Jim ne bouge plus. L’étreinte de Jimmy se fait fougueuse. Il se déchaîne en me suppliant d’attendre un peu avant de me réveiller. Je sens dans mes orteils les picotements annonciateurs de cet orgasme qui n’attend qu’une étincelle pour exploser. Les yeux toujours clos, je sais exactement à quoi ressemble le visage de Jimmy. Je le sais à sa façon de déglutir, aux gouttes de salive qui s’échappent de sa bouche malgré ses efforts pour les retenir. Son souffle s’approche de ma nuque. Je visualise sa langue affutant ses dents. Que j’aime quand son cri transperce ma peau aussi sûrement que ses crocs !

L’étincelle a fait exploser le premier orgasme, mais mon corps en veut plus. Jimmy le comprend. Il se retire et pendant que Jim se déchaîne à son tour, ses doigts prennent le relai. Je me demande s’il sent les va-et-vient de son ami, son frère qu’il encourage. Quelle folie s’empare de moi, qui me fait supplier Jim de me donner son plaisir à boire ?

– Il ne fait jamais contrarier une princesse endormie.

Jim suit les conseils avisés de son ami, son frère et tandis que ses doigts prennent eux aussi la place de son membre, il me baise la bouche comme si nos vies en dépendaient. Je jouis comme une chienne lubrique et je tète son sexe comme un nourrisson affamé. En se penchant pour enfin goûter au plaisir de me mordre, son membre s’enfonce si profondément que je perçois à peine le goût de son sperme. Comme Alain, il a cette faculté à jouir longtemps, à longs jets, ce qui me permet d’en profiter quand même.

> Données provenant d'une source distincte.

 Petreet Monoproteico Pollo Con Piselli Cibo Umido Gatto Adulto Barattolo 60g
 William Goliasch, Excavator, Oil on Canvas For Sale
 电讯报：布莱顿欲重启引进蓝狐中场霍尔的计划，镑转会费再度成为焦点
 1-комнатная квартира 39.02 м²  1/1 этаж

Quand ses dents déchirent ma peau, je perds le contrôle de mes jambes que je sens remuer dans tous les sens, comme celles d’un pantin désarticulé. Jamais cette perte de contrôle n’a été aussi vive.

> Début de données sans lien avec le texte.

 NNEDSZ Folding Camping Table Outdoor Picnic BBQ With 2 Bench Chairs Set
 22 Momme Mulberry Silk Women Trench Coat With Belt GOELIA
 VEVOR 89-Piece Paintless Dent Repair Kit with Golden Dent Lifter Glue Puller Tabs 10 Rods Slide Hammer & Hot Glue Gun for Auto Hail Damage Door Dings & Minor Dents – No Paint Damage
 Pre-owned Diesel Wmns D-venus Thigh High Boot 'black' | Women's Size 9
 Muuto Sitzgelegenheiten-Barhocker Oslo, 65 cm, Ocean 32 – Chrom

Jim sort de ma bouche, m’embrasse d’un baiser au goût métallique, celui de mon sang. Jimmy m’embrasse à son tour. Je me retrouve dans la position de départ, face à lui, Jim dans mon dos. Je m’étire, baille exagérément avant d’ouvrir les yeux. Je les regarde alternativement et, ingénue, leur fais part des bribes du merveilleux rêve que je viens de faire. Tendrement, Jimmy caresse ma joue en m’affirmant envier ma chance et demande à Jim s’il ne m’envie pas aussi.

La faim nous tenaille, mais nous devons attendre une bonne demi-heure avant de trouver la force de sortir du lit. De notre lit. Notre lit conjugal.

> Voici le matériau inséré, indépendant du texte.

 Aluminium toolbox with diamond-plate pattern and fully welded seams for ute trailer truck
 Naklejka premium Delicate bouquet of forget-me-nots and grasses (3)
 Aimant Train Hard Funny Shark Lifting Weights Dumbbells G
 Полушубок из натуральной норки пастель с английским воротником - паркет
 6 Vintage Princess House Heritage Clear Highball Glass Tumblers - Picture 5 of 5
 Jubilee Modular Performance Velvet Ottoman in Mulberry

Après ce réveil charmant, Odette aura-t-elle la force de tenir sa promesse et de faire un tour sur le carrousel avec Linus ?

Après la pluie, vient le beau temps, pendant la pluie, prenons du bon temps !

Chaque jour passé ensemble nous unissait davantage à Jim. Bien que mâtiné de provençal, ses progrès en français étaient impressionnants. Une fois*, j’avais osé lui reprocher une formulation, il m’avait alors répliqué « Fas cagua Blann’che Minette ! » avant d’éclater de rire et de me prendre dans ses bras. J’avais tenté de l’amadouer en lui confessant que je ne comprenais pas tout quand il parlait cette langue. Jimmy était présent et je sais mieux que quiconque comment le rallier à mes arguments. Devant mon air de Caliméro, il me fit son joli sourire et de sa voix la plus douce, me dit « Tu n’as qu’à l’apprendre. Tout est question de motivation. Tu veux qu’on te motive ? »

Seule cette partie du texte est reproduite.